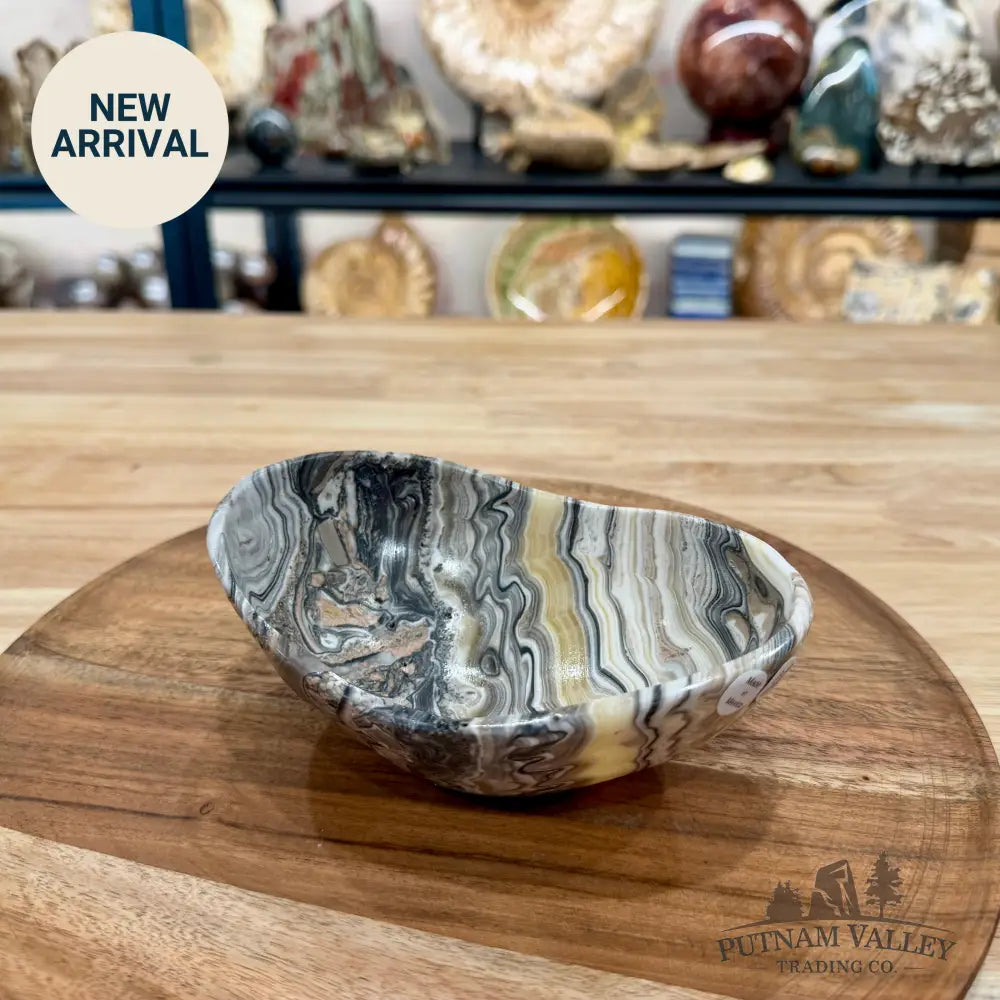 Handcrafted Mexican Zebra Onyx Oval Bowl 6’’ - Bowl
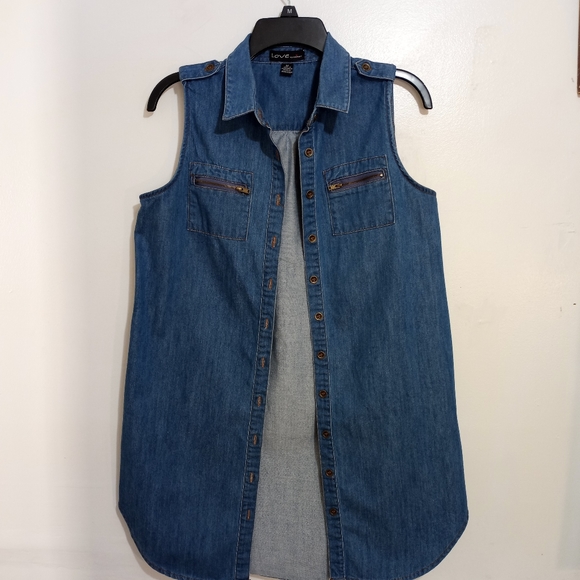 "Love" by Chesley Denim Blouse/Top - Picture 1 of 7
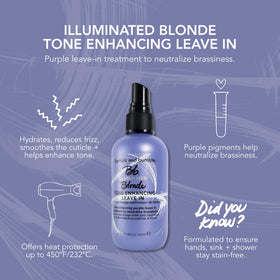 Bumble and bumble before and after blonde image showing reduced brass and shine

### Your assignment
If pictures appear, drop them, and retype exactly the lines from the "Picture 1 of 7" line through the last line of the data above.

### Response for this exercise
 "Love" by Chesley Denim Blouse/Top - Picture 1 of 7
 Bumble and bumble before and after blonde image showing reduced brass and shine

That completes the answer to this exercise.